Or consider the case of a basketball shooter: What causes her or him to make (or not make) a basket this shot, after a string of successes? Much must be ascribed to chance variation. But what causes a given shooter to be very good or very poor relative to other players? For that explanation we can point to such factors as the amount of practice or natural talent.
Again, all this has nothing to do with whether the mechanism is “really” chance, unlike the arguments that have been raging in physics for a century. That is the point of the remote control demonstration. Our knowledge and our power to predict the outcome gradually transits from non-chance (that is, “determined”) to chance (“not determined”) in a gradual way even though the same sort of physical mechanism produces each throw of the remote control.
Earlier I mentioned that when we say that chance controls the outcome of the remote control flip after (say) five revolutions, we mean that there are many small forces that affect the outcome. The effect of each force is not known, and each is independent of the other. None of these forces is large enough for me (as the remote control twirler) to deal with, or else I would deal with it and be able to improve my control and my ability to predict the outcome. This concept of many small influences — “small” meaning in practice those influences whose effects cannot be identified and allowed for — which affect the outcome and whose effects are not knowable and which are independent of each other is important in statistical inference. For example, as we will see later, when we add many unpredictable deviations together, and plot the distribution of the result, we end up with the famous and very common bell-shaped normal distribution — this striking result comes about because of a mathematical phenomenon called the Central Limit Theorem.4
3.9 Randomness from the computer
We now have the idea of random variation as being variation we cannot predict. For example, when we flip the remote control through many rotations, we can no longer easily predict which end will land in our hand. We can call the result of any particular flip — random — because we cannot predict whether the result will be TV end or sofa end.
We still know some things about the result — it will be one of two options — TV or sofa (unless we drop it). But we cannot predict which. We say the result of each flip is random if we cannot do anything to improve our prediction of 50% for TV (or sofa) end on the next flip.
We are not saying the result is random in any deep, non-deterministic sense — we are only saying we can treat the result as random, because we cannot predict it.
Now consider getting random numbers from the computer, where the numbers can either be 0 or 1. This is rather like tossing a fair coin, where the results are 0 and 1 rather than “heads” and “tails”.
When we ask the computer for a random choice between 0 and 1, we accept it is random-enough, or random-like, if we can’t do anything to predict which of 0 or 1 we will get on any one trial. We can’t do better than guessing that the next value will be — say — 0 — and whichever number we guess, we will only ever have a 50% chance of being correct. We are not saying the computer is giving truly random numbers in the sense that they are fundamentally not deterministic, it is only giving us numbers we cannot distinguish from truly random numbers, because we cannot in practice do anything to predict them.

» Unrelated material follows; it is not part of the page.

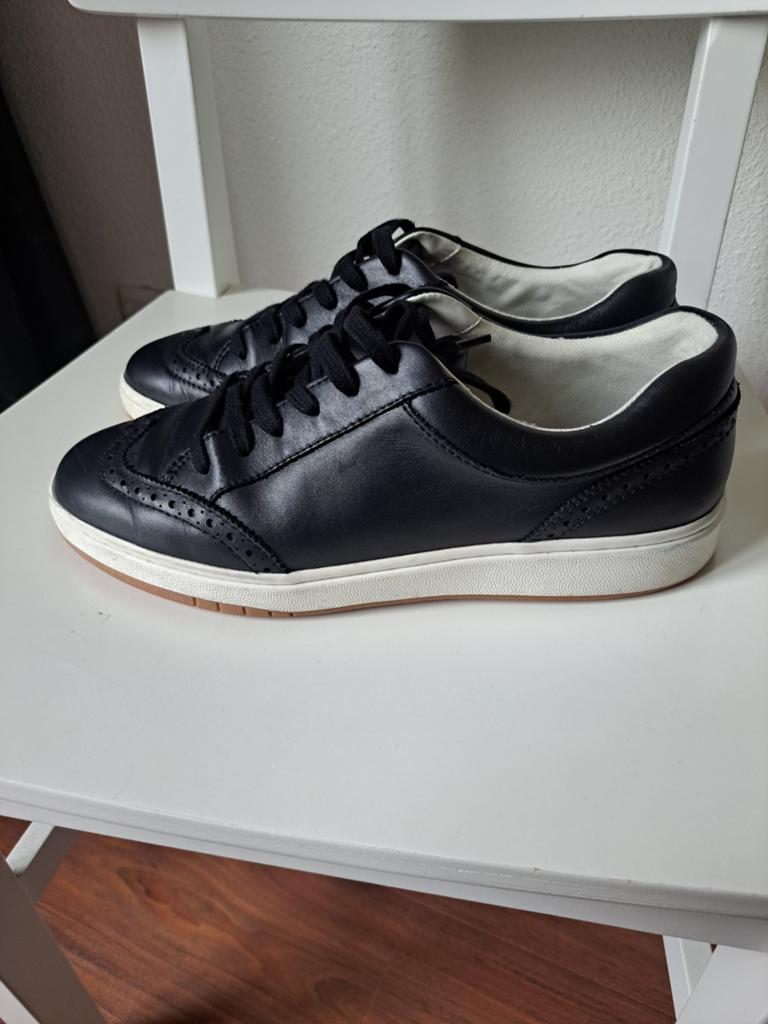 Zwart leren sneakers Ralph Lauren maat 40.5 / 7, Kleding | Dames, Zwart, Ophalen of Verzenden, Ralph Lauren, Sneakers of Gympen
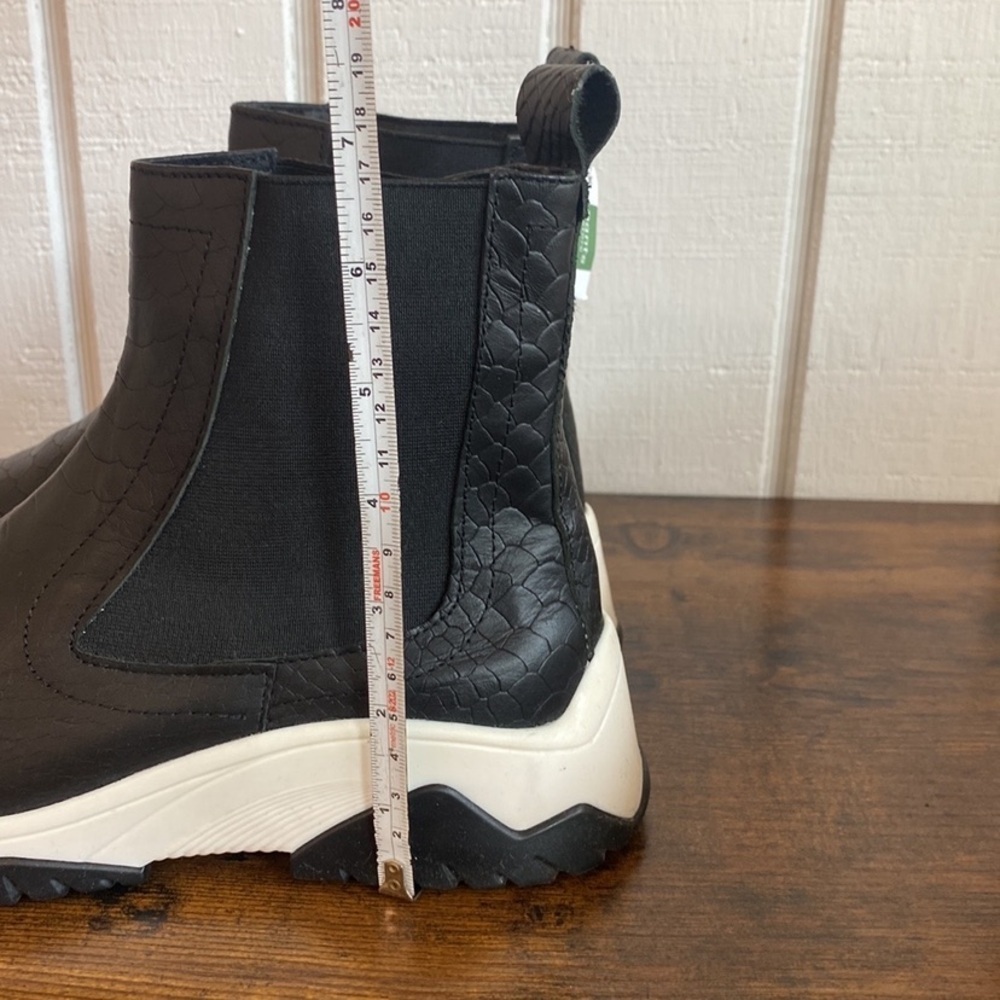 Chunky Sneaker Chelsea Pull -On Boot Faux Snake Leather Black & White - Picture 8 of 9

The technical term for random numbers from the computer is therefore pseudo-random — meaning, like random numbers, in the sense they are effectively unpredictable. Effectively unpredictable means there is no practical way for you, or even a very powerful computer, to do anything to improve your prediction of the next number in the series.
3.10 The philosophers’ dispute about the concept of probability
Those who call themselves “objectivists” or “frequentists” and those who call themselves “personalists” or “Bayesians” have been arguing for hundreds or even thousands of years about the “nature” of probability. The objectivists insist (correctly) that any estimation not based on a series of observations is subject to potential bias, from which they conclude (incorrectly) that we should never think of probability that way. They are worried about the perversion of science, the substitution of arbitrary assessments for value-free data-gathering. The personalists argue (correctly) that in many situations it is not possible to obtain sufficient data to avoid considerable judgment. Indeed, if a probability is about the future, some judgment is always required — about which observations will be relevant, and so on. They sometimes conclude (incorrectly) that the objectivists’ worries are unimportant.
As is so often the case, the various sides in the argument have different sorts of situations in mind. As we have seen, the arguments disappear if one thinks operationally with respect to the purpose of the work, rather than in terms of properties, as mentioned earlier.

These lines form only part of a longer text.